Simon Nixon of The Wall Street Journal writes: "Ireland’s blowout second-quarter growth figures are more than just a domestic achievement" and policy makers such as the ECB president, the German finance minister, and the Bundesbank president are likely to argue that the Irish economic recovery accelerating in the second quarter of 2014 to a 7.7% year-over-year rise in GDP, supports their arguments for structural reforms in France and Italy.
Ireland did get some key moves right during the economic emergency and a drumbeat for debt default and exiting the euro wasn't heeded -- the issue of a State guarantee of bank debt and deposits at the start of the crisis was one consequential move that was made without a serious consideration of the downsides.
It is however bizarre to observe foreign policy makers and commentators praising Ireland for implementing structural reforms - - the current Government cannot credibly claim credit for any structural reforms of substance and when Michael Noonan, finance minister, responded to the request of the bailout troika to establish a fiscal advisory council, he created an intellectual ornament that reports to himself.
Ireland remains one of Europe's most expensive economies; we are an expensive business location, and while many Irish private sector workers are on low pay, the average hourly wage cost (including social security) is 28% higher than in the UK.

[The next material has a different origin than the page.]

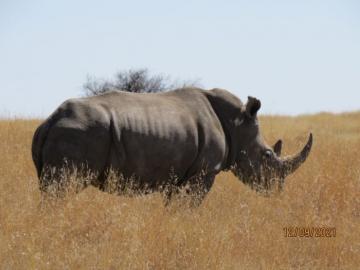 Hunt for Rhinoceros in South Africa 3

The Irish courts and the big professional firms have been have been heaving with activity through boom and bust, with the Exchequer picking up big tabs and almost four years after Ireland gave a commitment to the bailout troika to reform legal services, it's still pending as the barristers in the two governing parties are not minded to inconvenience their legal colleagues.
The Competition Authority said in April 2012:
There has been a framework agreed for changes in some public sector work practices but it's apparently unclear to all parties what the overall impact of changes will be.
Low employer social security costs (which ensures that most private sector indigenous workers have no occupational pension) long predate the current government as does the official support for foreign-owned firms that refuse to recognise the right of workers to be represented by trade unions.
Mario Draghi, ECB president, had a second disappointment Thursday in respect of the central bank plan he announced earlier this month to buy asset-backed securities (ABS) in addition to his July announcement of new financing for banks from this week.
Last week it was reported that Germany and France refused to give guarantees in respect of the ABS and on Thursday Europe’s banks borrowed €82.6bn through the first of the ECB’s Targeted Longer-Term Refinancing Operations, or TLTROs, out of a possible €400bn, much less than analysts had forecast.
“The ECB has set itself the goal of expanding its balance sheet substantially,” said Krishna Guha, vice chair of ISI Group, a research company, as reported by The Financial Times. “But judging by the take-up of the first TLTRO it is going to be very difficult to achieve this with the TLTRO and promised private asset purchases only.”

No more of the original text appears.